Obscure feature + obscure feature + obscure feature = bug

Senior Engineer, Antithesis

In the quarter century I’ve been programming professionally, I’ve found three C++ compiler bugs; one each in g++1, clang++, and Microsoft’s MSVC. After finding roughly one problem every ten years, my takeaway is that you have to do something really, really obscure. Or actually, you have to use an obscure feature then pile on another obscure feature and pile on another obscure feature.

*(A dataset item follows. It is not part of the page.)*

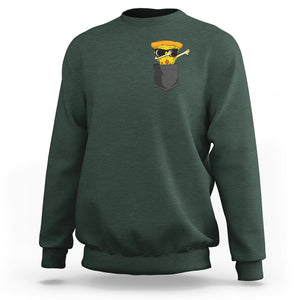 Pizza In A Pocket Funny Dabbing Sweatshirt TS09 Dark Forest Green Printyourwear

This is the story of something really, really obscure that we do in our C++ SDK, which led to finding the clang++ bug. If you’re not super familiar with C++, you should still be able to follow the main gist and just skim some of the details.

[B…

← Blog Michael Gibson pic

Senior Engineer, Antithesis

Background: The Antithesis SDKs

Antithesis provides a series of language-specific SDKs that let you add assertions to your code to specify correctness properties of your software.

Antithesis then runs your software while exercising it with some sort of workload (created using our Test Composer or written by hand). As your software runs, our fault injector disrupts the network, crashes containers, induces random delays in code, and so on. Every time your software hits one of your assertions, Antithesis checks that the assertion holds.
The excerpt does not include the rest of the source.